- **Data to use**:
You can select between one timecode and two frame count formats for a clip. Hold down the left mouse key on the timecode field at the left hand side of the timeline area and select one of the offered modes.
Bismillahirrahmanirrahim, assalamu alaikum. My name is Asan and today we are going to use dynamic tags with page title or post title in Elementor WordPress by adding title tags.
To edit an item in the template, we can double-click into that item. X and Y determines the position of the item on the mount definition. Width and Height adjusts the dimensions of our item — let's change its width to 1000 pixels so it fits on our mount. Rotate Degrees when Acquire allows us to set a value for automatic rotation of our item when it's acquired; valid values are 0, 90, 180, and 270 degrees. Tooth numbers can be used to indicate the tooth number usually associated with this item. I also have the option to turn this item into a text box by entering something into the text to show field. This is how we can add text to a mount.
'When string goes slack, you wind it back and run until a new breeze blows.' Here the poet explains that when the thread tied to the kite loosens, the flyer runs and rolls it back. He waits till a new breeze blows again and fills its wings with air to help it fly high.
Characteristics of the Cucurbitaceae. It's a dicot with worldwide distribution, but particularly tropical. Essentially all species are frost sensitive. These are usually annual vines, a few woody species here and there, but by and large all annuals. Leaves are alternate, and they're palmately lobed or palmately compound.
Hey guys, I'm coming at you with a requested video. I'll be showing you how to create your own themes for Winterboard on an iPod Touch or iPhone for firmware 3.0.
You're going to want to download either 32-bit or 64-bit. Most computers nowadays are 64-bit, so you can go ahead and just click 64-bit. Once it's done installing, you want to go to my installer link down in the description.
==
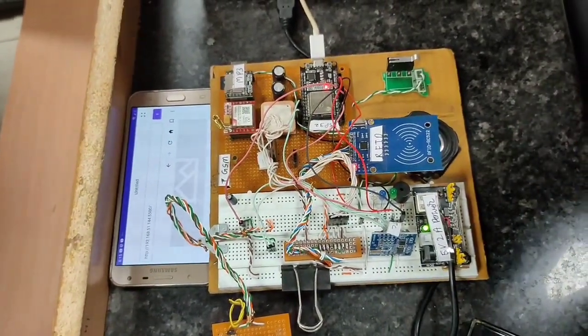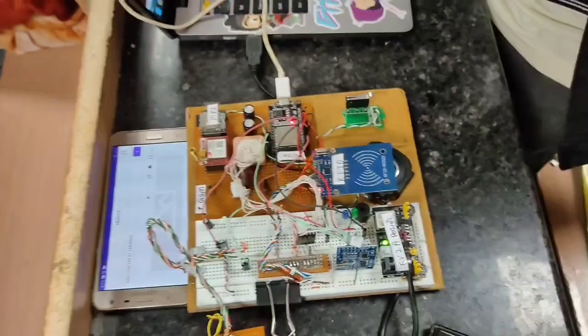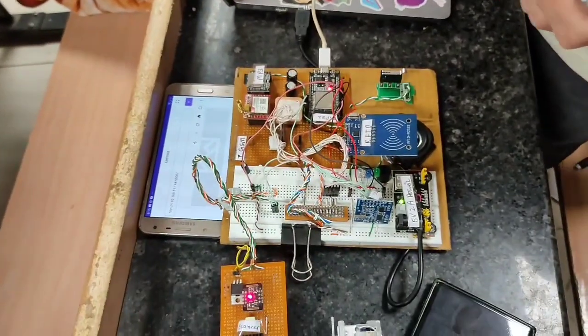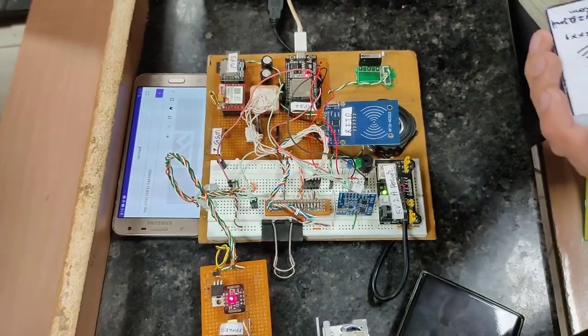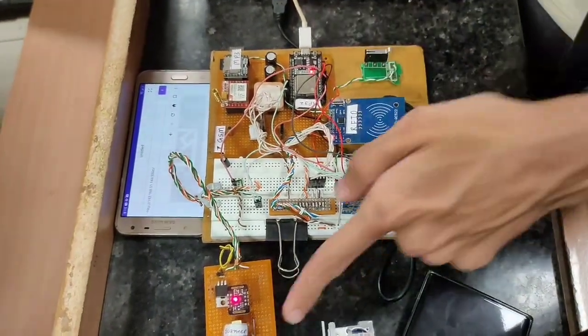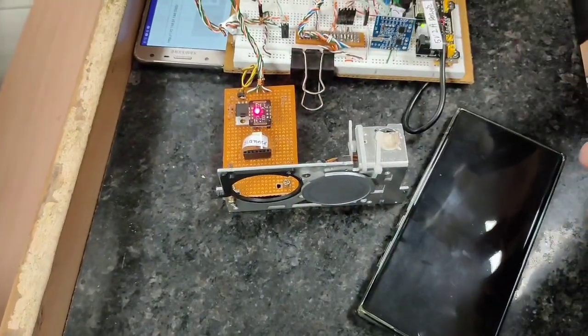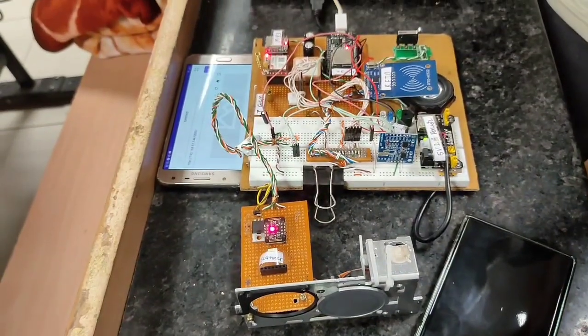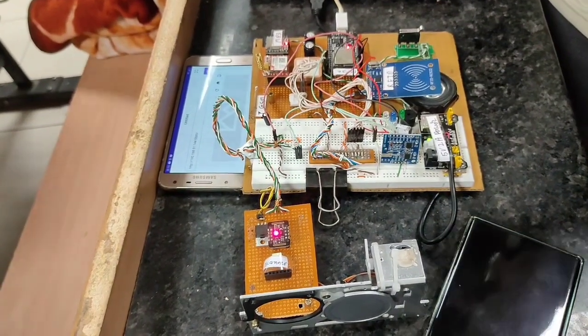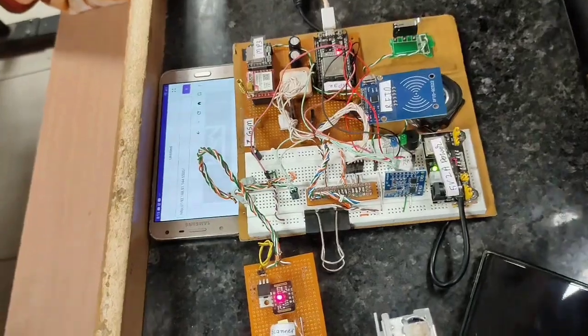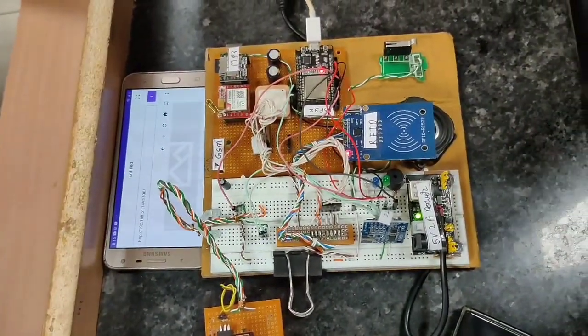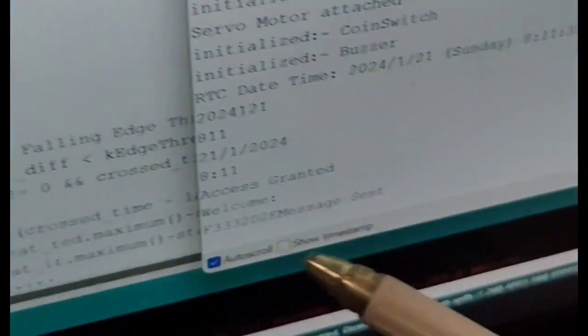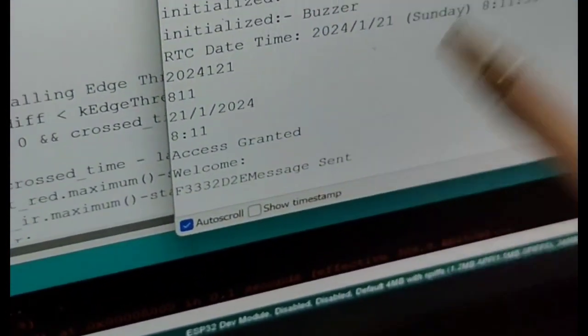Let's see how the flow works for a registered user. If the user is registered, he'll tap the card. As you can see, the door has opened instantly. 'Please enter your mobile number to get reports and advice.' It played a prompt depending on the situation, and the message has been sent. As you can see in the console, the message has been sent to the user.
==
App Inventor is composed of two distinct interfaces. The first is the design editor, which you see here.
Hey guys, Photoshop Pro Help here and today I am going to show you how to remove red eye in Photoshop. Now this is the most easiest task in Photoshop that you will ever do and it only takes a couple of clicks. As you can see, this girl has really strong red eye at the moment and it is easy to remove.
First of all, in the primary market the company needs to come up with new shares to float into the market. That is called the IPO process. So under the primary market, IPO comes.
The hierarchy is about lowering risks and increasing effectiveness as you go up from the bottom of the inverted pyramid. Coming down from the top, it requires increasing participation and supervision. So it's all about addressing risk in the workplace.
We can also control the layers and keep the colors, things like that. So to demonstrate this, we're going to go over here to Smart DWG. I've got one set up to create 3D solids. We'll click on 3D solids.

- **How to complete this task**: Your answer should consist only of the lines above between the line holding "Hey guys, Photoshop" and the line holding "We can also", inclusive, each transcribed exactly.

- **Response to the exercise**:
Hey guys, Photoshop Pro Help here and today I am going to show you how to remove red eye in Photoshop. Now this is the most easiest task in Photoshop that you will ever do and it only takes a couple of clicks. As you can see, this girl has really strong red eye at the moment and it is easy to remove.
First of all, in the primary market the company needs to come up with new shares to float into the market. That is called the IPO process. So under the primary market, IPO comes.
The hierarchy is about lowering risks and increasing effectiveness as you go up from the bottom of the inverted pyramid. Coming down from the top, it requires increasing participation and supervision. So it's all about addressing risk in the workplace.
We can also control the layers and keep the colors, things like that. So to demonstrate this, we're going to go over here to Smart DWG. I've got one set up to create 3D solids. We'll click on 3D solids.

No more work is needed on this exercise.